First Lebanese commando killed in the Israeli-Palestinian conflict (1951–1968)

Khalil Izz el-Deen al-Jamal (Arabic: خليل عز الدين الجمل; January 21, 1951 – 15 April 1968) was the first Lebanese commando to be killed in action in the Israeli–Palestinian conflict. His death in April 1968 in Jordan, during a skirmish with Israeli forces known as the Battle of Tel Arbaein ("Hill Forty", (تل الاربعين)), resulted in hundreds of Lebanese youth joining the Palestinian fedayeen. His funeral, attended by between 150,000 and 250,000 people, was widely seen as an expression of Lebanese solidarity with the Palestinian cause.

==Biography==
===Early life===
Born on January 21, 1951, to Lebanese parents. His father was Ezz El Din Mohamed Eljamal and his mother was Widad Mustafa Shehab. He completed his elementary in the Modern School in Beirut then attended Al Mokhales evening school (مدرسة "المخلص"المسائية). He used to work during the day and study at night. By virtue of his work with his older brother, Nabil, he was always in the library educating himself, which acquainted himself with the Arab - Israeli conflict.

===Battle of Tel Arbaein===
On the evening of 15 April 1968, a Palestinian commando group received a signal from one of the advanced monitoring units that some Israeli tanks and armored vehicles entered the Arab area in the Jordan Valley from "Pardes Abu Vrides". Additionally, a helicopter dropped more than 30 paratroopers in the region. They were under the observation of the Palestinian Al Asefa forces which signaled to their comrades to ambush them at Tell Arbaein (تل الأربعين; Hill 40). Khalil was part of the ambushing unit. The guerrilla group divided themselves into three units then clashed with the Israeli troops from three different sides and caused them 10 casualties. The Israeli forces began to regress, carrying their wounded and dead from the area of engagement. Khalil was among the group that chased the remnants of the Israeli troops as they retreated to their positions until they reached beyond the ceasefire line. While Khalil was protecting the withdrawal of his comrades, he was hit by a rocket-propelled grenade in the shoulder. He refused the help of his comrades to pull him back and preferred to stay in his position to protect their withdrawal where he got hit and died in the battlefield on 15 April 1968.

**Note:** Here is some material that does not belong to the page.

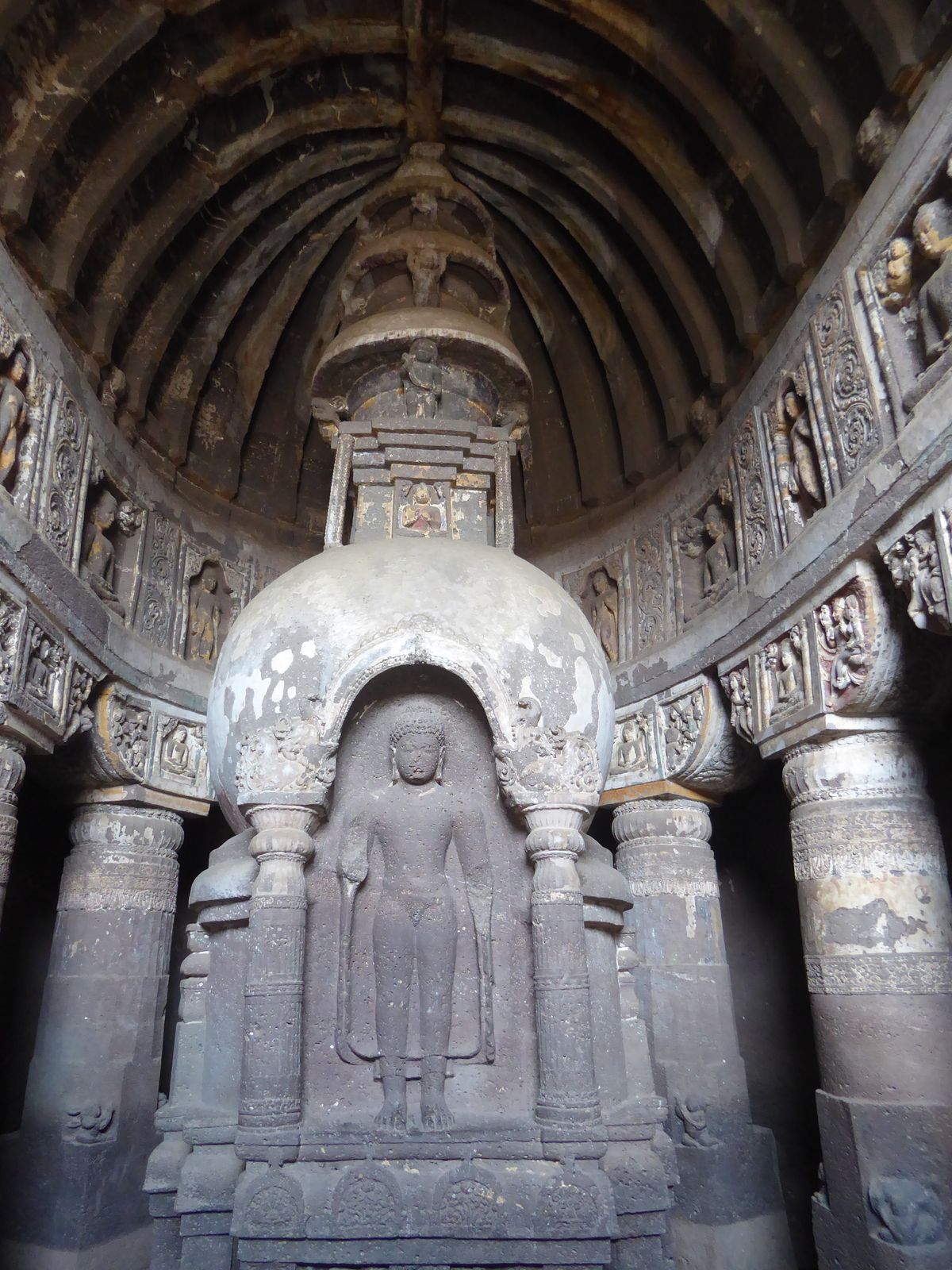 The chhatra is one of the Eight Auspicious Symbols of Buddhism. Like the tiny figures supporting them?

===Funeral and significance===
His funeral, on April 27, 1968, was attended by some 150,000 people. It lasted more than five hours and it is considered to be the largest that Lebanon has ever witnessed by then. His body was transferred from Jordan to Syria then Lebanon, passing through several villages along the way. Schools were closed in his honor, and even in Christian villages such as the Maronite village of Kahaleh, people came out 'to honour the martyr who died for a noble cause.' Despite the sectarian tensions between Lebanon's diverse ethnic groups, this Maronite village publicly mourned al-Jamal while church bells in the village tolled. In Beirut, the Lebanese national forces decided to start the funeral from the Omari Mosque and the coffin was carried to the martyrs cemetery.

Al Jamal's death was significant because of many factors. As the first Lebanese to die in battle with Israel, this ignited the drive of other Lebanese to join the Palestinian struggle, hundreds of whom went to Syria to undergo military training in May 1968. In this way, his death provided a political opening for the Palestinian fedayeen movement in Lebanon. Prime Minister Abdullah al-Yafi, who attended his funeral along with other political leaders such as the head of the Kataeb Pierre Gemayel, awarded al-Jamal a national medal posthumously.

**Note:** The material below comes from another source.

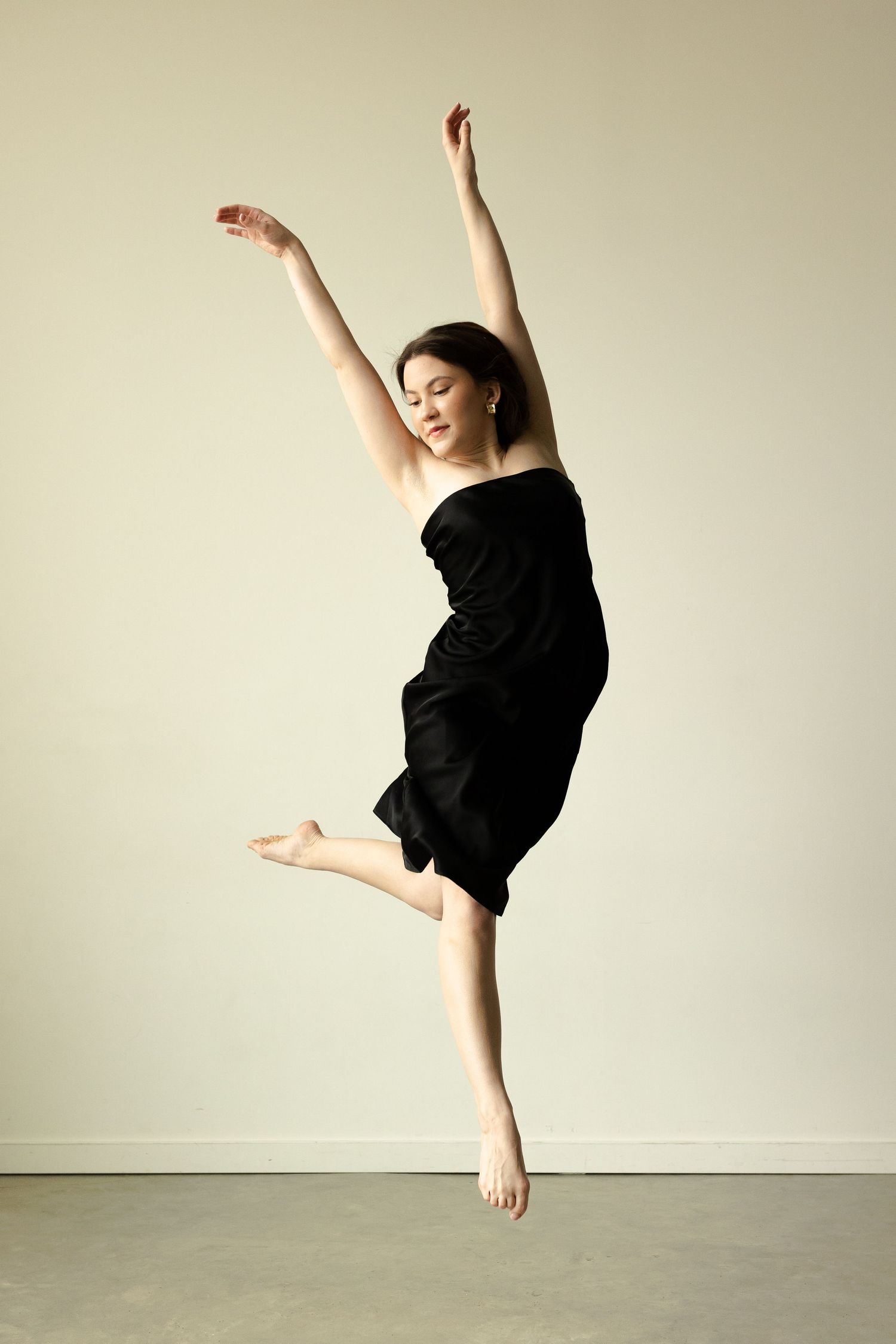 A dancer in black performs a graceful high kick against a light neutral background in a series of dynamic poses.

The Lebanese Army also offered military training to Palestinian refugees, and the often hostile Deuxième Bureau, Lebanon's intelligence service, eased restrictions placed on the residents of the Palestinian refugee camps in Lebanon. However, the sympathy for the Palestinians from the government did not last and within a year of al-Jamal's death, under President Charles Helou, the Deuxième Bureau was again charged with maintaining a strict regime within the refugee camps.